:: MATERIALS PROVIDED ::

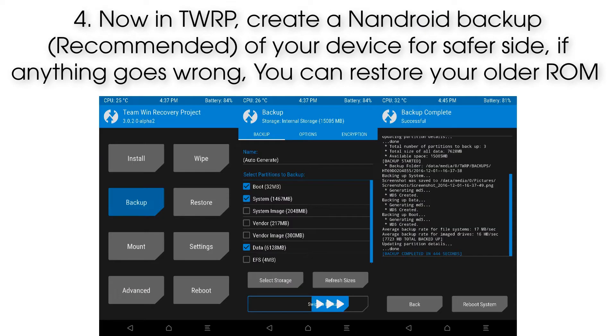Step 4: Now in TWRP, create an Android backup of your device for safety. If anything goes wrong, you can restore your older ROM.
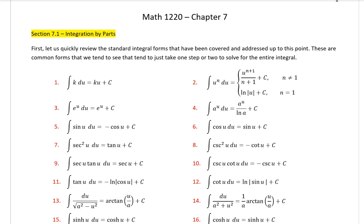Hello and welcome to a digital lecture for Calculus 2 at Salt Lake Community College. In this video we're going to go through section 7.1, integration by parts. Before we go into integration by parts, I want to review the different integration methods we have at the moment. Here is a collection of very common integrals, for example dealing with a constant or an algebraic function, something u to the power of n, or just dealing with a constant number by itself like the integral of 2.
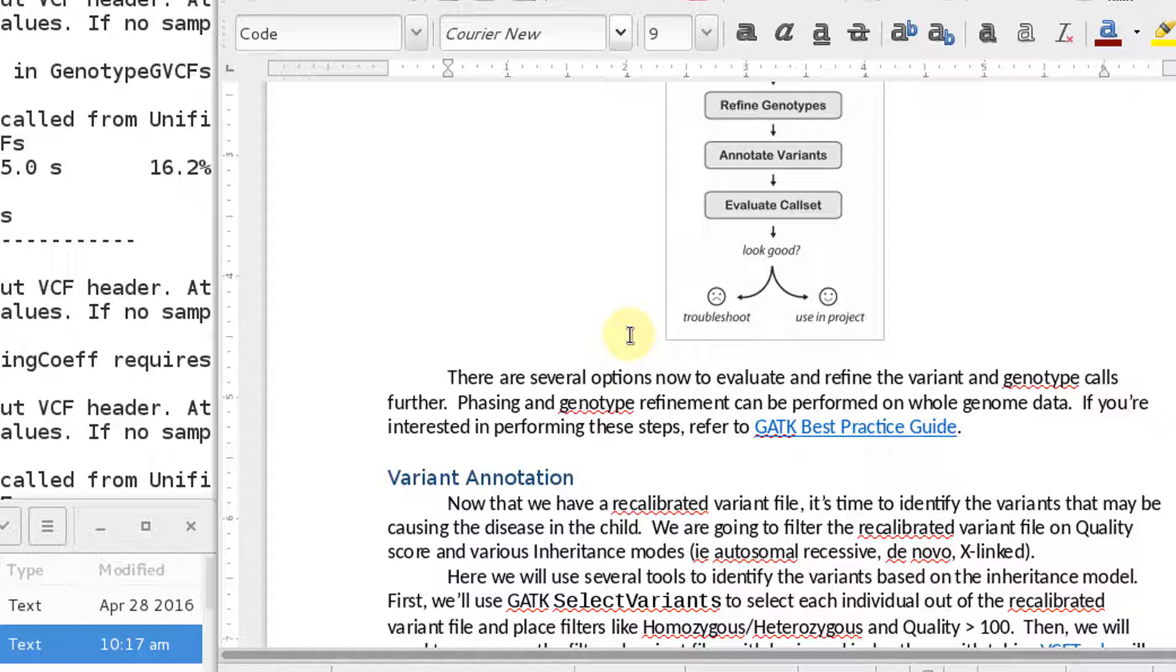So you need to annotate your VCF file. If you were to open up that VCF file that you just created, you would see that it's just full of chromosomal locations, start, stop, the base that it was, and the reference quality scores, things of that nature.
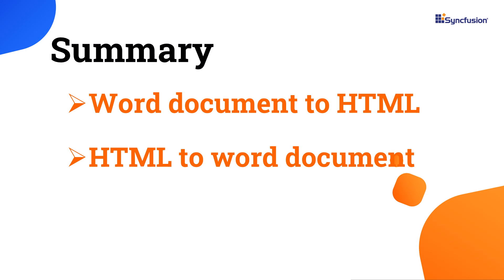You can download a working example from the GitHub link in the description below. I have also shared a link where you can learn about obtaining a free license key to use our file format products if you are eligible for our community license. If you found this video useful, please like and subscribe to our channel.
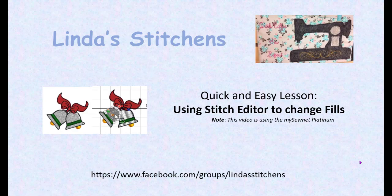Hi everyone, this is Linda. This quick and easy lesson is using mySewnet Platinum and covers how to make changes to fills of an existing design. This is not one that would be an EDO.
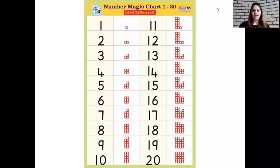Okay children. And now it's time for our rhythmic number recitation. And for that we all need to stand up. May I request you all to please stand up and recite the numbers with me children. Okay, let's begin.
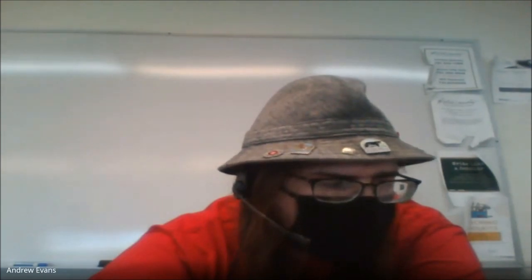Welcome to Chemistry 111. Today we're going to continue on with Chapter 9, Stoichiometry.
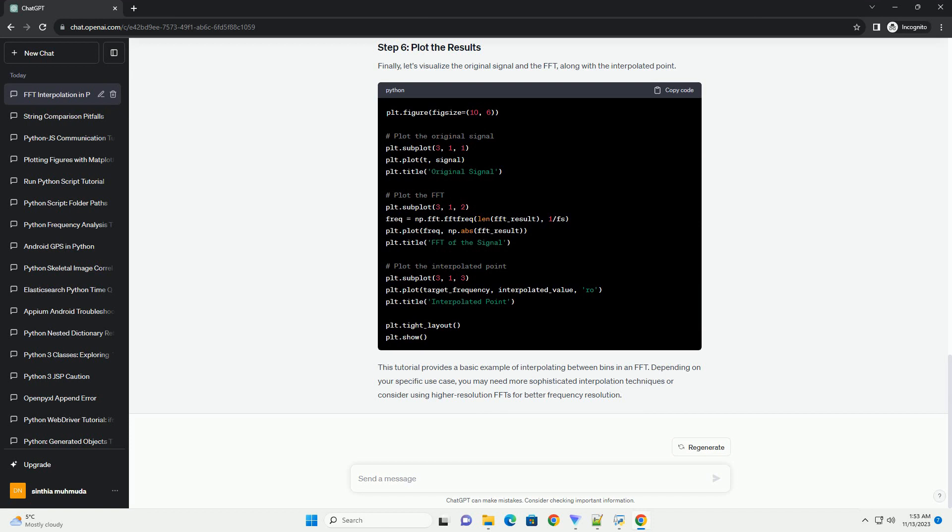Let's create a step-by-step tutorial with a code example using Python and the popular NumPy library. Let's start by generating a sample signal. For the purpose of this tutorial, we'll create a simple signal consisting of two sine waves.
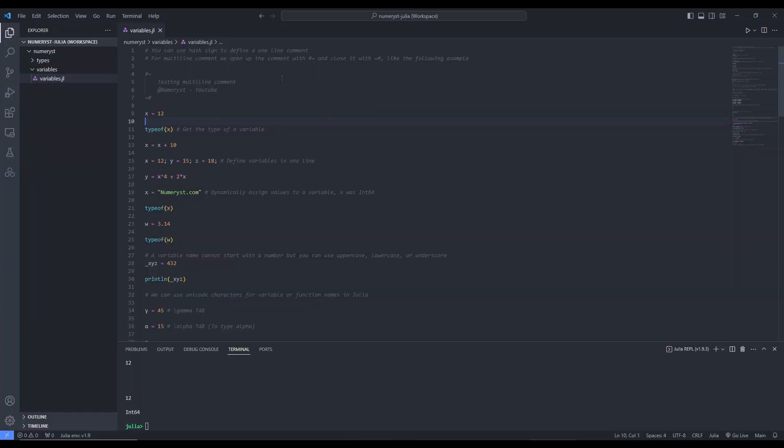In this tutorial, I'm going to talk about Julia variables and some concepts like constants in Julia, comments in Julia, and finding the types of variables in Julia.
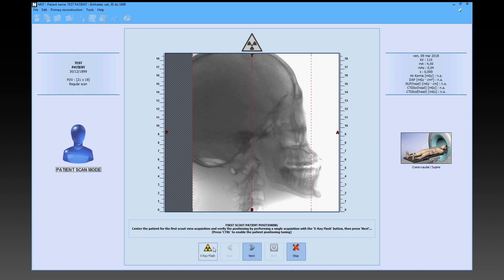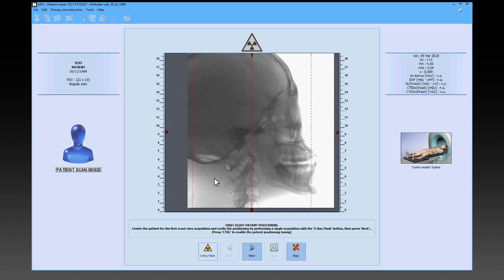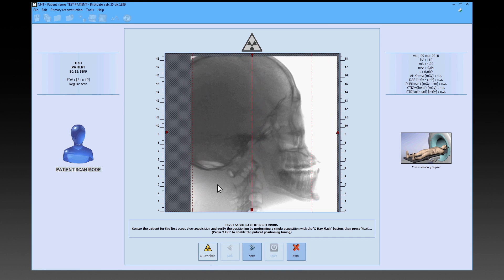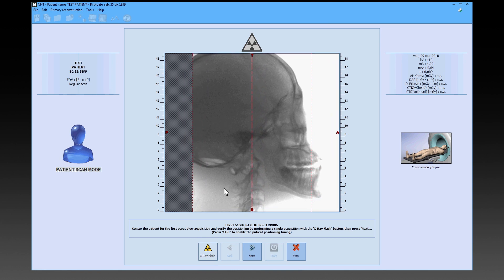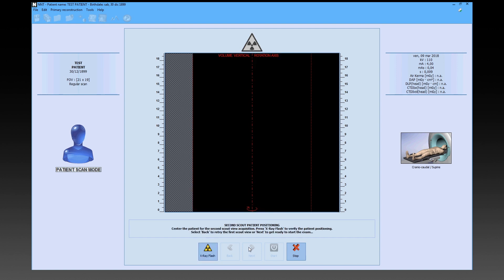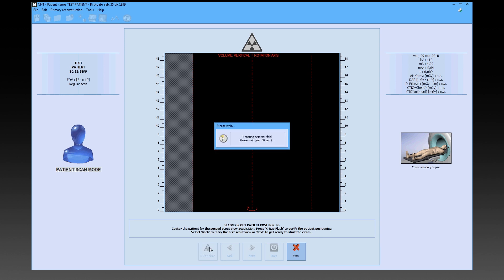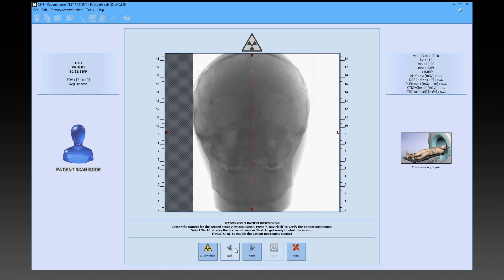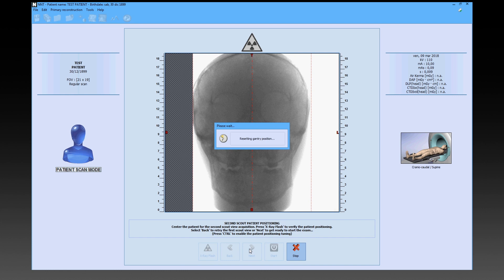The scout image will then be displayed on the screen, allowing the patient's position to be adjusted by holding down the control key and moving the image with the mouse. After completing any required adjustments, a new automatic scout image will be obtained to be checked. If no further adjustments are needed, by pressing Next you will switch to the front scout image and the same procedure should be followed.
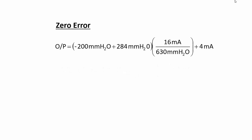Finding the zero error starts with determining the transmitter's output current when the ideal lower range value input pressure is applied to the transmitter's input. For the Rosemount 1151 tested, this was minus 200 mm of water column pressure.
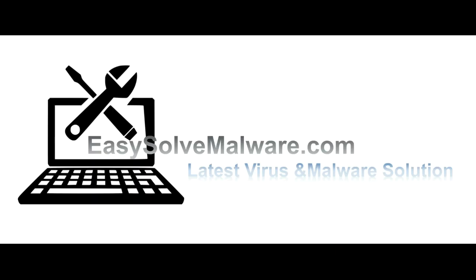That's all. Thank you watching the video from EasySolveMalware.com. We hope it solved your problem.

:::
:: MATERIALS PROVIDED ::

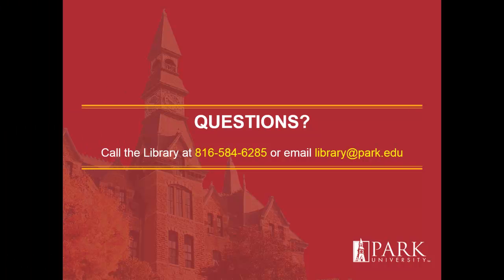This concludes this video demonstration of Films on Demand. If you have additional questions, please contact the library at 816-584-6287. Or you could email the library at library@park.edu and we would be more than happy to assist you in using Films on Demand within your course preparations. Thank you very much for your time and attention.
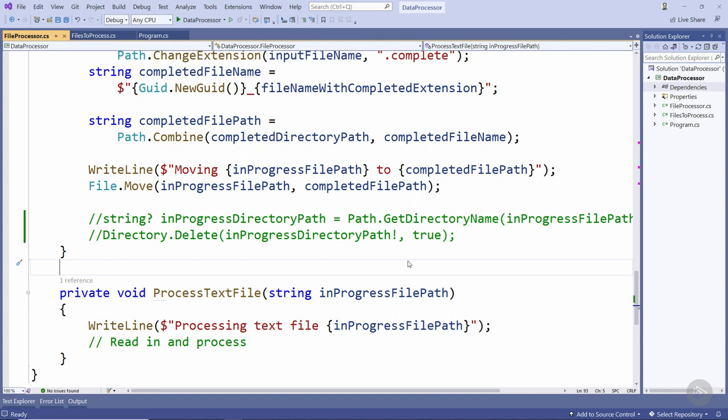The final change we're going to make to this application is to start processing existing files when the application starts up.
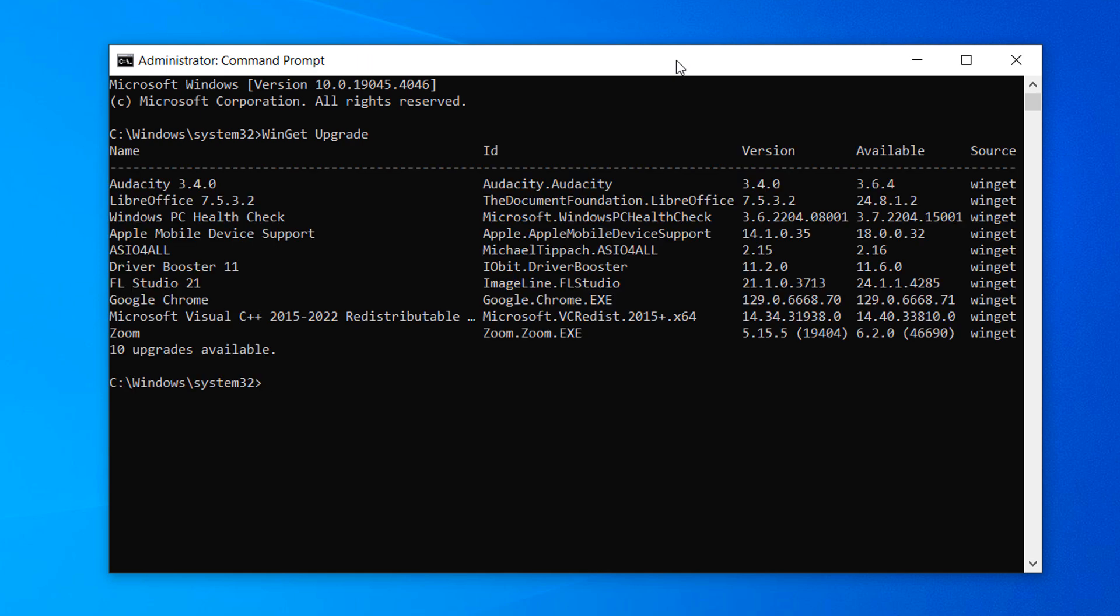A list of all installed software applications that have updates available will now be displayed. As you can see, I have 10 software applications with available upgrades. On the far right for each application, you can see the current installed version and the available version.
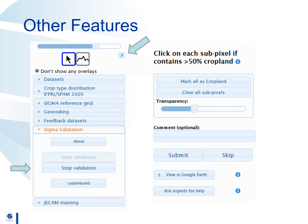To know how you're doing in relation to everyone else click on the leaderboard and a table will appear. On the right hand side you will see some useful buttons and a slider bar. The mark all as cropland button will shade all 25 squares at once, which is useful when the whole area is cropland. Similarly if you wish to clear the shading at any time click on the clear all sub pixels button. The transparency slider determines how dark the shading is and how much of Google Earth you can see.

:::
:: MATERIALS PROVIDED ::

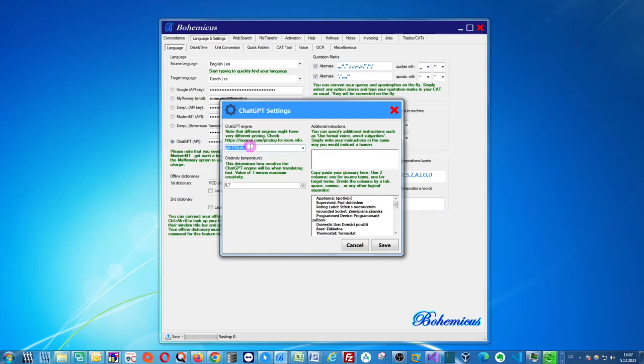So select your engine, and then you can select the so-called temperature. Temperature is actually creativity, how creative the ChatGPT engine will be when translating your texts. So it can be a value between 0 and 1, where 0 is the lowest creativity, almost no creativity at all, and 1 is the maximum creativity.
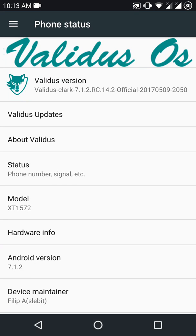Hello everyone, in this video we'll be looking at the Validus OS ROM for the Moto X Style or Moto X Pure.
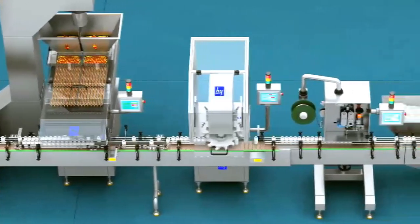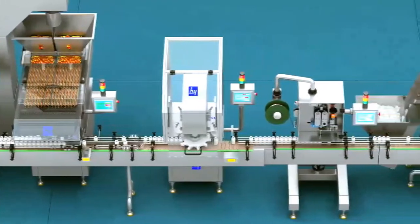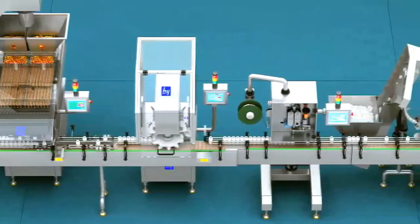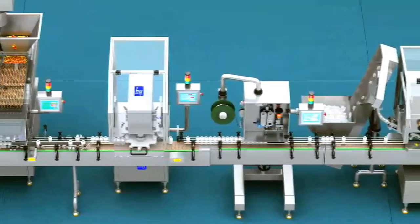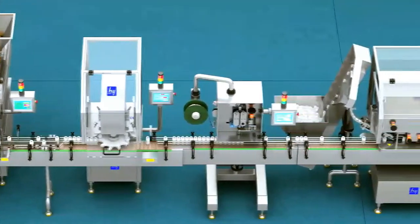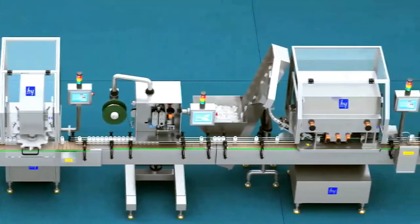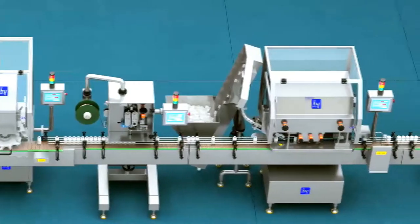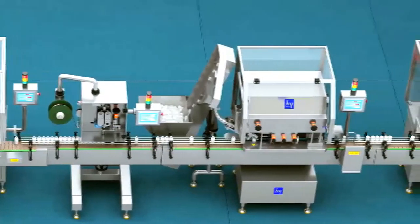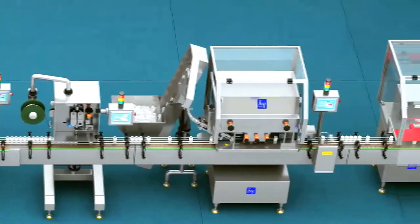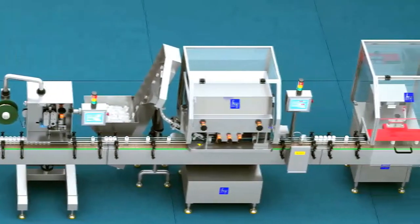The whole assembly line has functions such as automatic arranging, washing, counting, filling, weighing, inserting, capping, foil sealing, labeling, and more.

:::

HOW TO COMPLETE THIS TASK
Reproduce the entries exactly, from the line with "So select your" to the line with "Hello everyone, in", both lines included, keeping no pictures.

EXERCISE RESPONSE
So select your engine, and then you can select the so-called temperature. Temperature is actually creativity, how creative the ChatGPT engine will be when translating your texts. So it can be a value between 0 and 1, where 0 is the lowest creativity, almost no creativity at all, and 1 is the maximum creativity.
Hello everyone, in this video we'll be looking at the Validus OS ROM for the Moto X Style or Moto X Pure.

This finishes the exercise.